The UNESCO World Heritage Committee, meeting in Bonn, noted the Islamic State's destruction of the ancient city of Hatra in Iraq and expressed "deep concern" about the Syrian archaeological gem of Palmyra, which the group captured in May.
Both are UNESCO World Heritage Sites.
"Intentional attacks against buildings dedicated to religion, education, art, science or charitable purposes and historic monuments may amount to war crimes," the committee said in a resolution it adopted.
In April, International Criminal Court Prosecutor Fatou Bensouda said she had received allegations of widespread atrocities in Syria and Iraq by IS, as well as the "wanton destruction of cultural property," but said she wasn't opening an investigation as neither country is a member of the court and the foreign fighters suspected of involvement are not high-ranking enough to prosecute.
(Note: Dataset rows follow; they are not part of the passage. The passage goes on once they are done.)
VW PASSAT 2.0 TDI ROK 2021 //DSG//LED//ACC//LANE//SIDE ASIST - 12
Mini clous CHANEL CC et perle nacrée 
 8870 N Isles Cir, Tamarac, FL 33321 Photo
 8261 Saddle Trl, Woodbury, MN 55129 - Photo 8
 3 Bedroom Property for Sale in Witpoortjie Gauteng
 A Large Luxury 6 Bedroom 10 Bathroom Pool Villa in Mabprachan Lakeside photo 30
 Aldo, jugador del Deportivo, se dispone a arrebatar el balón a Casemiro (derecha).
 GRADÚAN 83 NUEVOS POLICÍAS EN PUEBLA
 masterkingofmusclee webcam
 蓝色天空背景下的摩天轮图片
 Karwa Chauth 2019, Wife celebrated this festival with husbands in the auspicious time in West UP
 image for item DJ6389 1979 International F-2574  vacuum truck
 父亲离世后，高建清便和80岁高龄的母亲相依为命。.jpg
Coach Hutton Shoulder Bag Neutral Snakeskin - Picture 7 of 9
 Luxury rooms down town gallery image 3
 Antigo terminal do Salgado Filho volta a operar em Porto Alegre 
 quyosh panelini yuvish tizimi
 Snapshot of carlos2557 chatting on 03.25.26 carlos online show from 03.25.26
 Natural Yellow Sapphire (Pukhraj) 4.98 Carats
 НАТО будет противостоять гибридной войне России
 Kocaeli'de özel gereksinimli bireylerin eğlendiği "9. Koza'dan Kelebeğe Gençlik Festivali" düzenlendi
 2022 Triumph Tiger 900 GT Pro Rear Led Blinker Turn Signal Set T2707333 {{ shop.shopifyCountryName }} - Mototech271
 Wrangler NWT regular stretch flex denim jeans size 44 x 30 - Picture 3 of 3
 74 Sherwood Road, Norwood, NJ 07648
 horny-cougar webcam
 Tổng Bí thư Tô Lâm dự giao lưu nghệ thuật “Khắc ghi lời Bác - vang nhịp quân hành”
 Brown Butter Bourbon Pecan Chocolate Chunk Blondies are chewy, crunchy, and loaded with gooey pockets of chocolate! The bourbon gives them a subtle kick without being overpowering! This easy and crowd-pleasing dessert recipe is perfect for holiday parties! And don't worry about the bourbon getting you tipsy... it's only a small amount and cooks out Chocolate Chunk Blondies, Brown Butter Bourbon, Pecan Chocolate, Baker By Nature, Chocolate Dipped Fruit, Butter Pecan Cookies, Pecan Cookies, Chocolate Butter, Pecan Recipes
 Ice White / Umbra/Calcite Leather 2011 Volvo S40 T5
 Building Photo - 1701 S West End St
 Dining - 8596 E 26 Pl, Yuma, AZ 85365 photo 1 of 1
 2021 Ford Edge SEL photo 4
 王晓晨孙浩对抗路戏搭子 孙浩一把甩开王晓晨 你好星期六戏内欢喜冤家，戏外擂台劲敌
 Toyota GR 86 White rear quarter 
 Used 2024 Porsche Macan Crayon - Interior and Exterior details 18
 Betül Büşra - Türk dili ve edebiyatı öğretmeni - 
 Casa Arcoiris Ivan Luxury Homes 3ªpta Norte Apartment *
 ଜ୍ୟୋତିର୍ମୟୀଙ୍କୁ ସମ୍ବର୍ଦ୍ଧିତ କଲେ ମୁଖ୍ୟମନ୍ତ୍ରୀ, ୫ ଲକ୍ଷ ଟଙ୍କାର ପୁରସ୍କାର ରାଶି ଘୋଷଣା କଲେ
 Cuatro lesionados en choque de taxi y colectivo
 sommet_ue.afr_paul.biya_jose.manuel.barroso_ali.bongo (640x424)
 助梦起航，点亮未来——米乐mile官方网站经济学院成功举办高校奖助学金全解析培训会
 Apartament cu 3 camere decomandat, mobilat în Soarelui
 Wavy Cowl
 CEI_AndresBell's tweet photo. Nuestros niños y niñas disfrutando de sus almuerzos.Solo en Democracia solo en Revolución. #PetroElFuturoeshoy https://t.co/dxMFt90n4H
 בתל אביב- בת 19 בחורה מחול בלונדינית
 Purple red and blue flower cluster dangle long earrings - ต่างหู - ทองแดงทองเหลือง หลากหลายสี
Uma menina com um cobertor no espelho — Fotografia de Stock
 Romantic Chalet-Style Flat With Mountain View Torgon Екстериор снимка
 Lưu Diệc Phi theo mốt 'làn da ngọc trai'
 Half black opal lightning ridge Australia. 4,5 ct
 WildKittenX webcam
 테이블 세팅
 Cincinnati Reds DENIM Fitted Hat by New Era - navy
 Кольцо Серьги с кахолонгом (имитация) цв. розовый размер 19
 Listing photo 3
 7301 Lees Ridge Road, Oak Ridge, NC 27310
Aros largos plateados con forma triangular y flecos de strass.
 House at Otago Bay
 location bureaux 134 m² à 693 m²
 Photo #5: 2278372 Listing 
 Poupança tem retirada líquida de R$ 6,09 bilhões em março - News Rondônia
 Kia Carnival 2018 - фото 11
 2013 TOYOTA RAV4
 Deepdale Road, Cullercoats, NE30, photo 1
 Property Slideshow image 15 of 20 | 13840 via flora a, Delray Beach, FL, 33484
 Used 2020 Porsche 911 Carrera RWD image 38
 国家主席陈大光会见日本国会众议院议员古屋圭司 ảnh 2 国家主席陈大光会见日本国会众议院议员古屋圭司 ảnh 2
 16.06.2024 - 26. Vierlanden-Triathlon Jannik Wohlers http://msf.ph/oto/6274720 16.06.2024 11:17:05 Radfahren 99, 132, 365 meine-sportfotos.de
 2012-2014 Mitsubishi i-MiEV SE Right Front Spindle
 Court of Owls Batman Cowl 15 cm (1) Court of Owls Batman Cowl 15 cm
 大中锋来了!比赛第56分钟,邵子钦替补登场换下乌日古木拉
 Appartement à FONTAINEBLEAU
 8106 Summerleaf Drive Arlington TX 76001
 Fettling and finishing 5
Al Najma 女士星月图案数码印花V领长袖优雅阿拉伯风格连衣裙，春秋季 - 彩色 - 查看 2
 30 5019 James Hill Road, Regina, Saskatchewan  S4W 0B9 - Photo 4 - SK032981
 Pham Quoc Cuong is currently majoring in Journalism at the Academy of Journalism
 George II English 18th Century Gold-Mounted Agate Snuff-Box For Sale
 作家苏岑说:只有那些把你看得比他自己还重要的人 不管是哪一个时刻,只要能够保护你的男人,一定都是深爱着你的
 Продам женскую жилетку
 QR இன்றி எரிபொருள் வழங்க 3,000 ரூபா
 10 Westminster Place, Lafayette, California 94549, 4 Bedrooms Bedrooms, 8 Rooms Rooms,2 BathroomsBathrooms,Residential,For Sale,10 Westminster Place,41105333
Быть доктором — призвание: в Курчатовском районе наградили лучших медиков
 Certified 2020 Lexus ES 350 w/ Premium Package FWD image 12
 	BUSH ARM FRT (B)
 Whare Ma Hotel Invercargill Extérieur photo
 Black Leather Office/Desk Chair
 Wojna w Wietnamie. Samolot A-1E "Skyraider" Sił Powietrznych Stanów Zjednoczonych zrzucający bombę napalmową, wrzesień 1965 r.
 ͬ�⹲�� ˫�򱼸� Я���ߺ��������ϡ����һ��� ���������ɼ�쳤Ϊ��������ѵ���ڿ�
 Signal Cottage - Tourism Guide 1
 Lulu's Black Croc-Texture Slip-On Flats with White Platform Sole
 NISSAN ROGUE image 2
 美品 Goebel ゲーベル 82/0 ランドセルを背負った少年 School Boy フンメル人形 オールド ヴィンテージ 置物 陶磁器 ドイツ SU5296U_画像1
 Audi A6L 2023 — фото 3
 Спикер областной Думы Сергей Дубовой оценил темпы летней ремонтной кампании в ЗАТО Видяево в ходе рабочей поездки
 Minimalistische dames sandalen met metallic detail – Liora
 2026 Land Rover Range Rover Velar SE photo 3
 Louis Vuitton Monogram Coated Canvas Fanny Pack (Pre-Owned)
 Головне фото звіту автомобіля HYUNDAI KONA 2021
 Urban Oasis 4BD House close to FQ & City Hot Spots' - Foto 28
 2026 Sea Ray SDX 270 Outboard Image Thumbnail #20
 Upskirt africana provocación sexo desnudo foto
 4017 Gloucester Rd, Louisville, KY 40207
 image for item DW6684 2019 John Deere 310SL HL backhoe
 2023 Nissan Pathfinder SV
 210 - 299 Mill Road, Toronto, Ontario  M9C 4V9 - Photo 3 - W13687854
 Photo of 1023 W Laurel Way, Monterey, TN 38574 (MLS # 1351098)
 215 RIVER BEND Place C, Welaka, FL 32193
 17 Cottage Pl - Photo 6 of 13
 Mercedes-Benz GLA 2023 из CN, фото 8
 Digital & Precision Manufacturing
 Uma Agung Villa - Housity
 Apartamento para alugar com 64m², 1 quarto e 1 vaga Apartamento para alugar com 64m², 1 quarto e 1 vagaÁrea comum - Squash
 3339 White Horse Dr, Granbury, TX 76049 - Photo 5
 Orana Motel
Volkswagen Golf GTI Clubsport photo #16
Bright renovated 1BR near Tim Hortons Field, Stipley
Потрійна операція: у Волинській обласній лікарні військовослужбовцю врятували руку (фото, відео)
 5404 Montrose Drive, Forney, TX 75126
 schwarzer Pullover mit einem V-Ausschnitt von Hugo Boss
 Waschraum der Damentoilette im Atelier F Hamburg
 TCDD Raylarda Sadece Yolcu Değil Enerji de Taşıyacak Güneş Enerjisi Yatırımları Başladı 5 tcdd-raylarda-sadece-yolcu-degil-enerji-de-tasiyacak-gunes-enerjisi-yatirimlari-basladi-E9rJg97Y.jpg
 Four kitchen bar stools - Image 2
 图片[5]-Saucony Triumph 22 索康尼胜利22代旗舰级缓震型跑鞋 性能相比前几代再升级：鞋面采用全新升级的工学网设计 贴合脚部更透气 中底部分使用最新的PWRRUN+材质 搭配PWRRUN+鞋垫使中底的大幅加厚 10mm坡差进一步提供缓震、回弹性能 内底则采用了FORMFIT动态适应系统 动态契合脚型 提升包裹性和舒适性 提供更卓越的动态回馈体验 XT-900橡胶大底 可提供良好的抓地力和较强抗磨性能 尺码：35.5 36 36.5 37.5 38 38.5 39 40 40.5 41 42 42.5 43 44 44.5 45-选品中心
In its resolution, UNESCO said it was "deeply shocked" by repeated attacks by IS and other groups "aimed at destroying cultural diversity through deliberate targeting of individuals and communities on the basis of cultural, ethnic or religious background, as well as places of worship, memory and learning."
It added further that it was alarmed by an increasing number of threats to cultural heritage through looting and illegal excavations "which seriously undermine irreplaceable cultural treasures, among them UNESCO World Heritage sites in Afghanistan, Iraq, Libya, Mali, Syria and Yemen.
UNESCO also cautioned that natural world heritage sites in Niger, Congo the Central African Republic and Ivory Coast are threatened by problems "likely to continue long after the end of hostilities."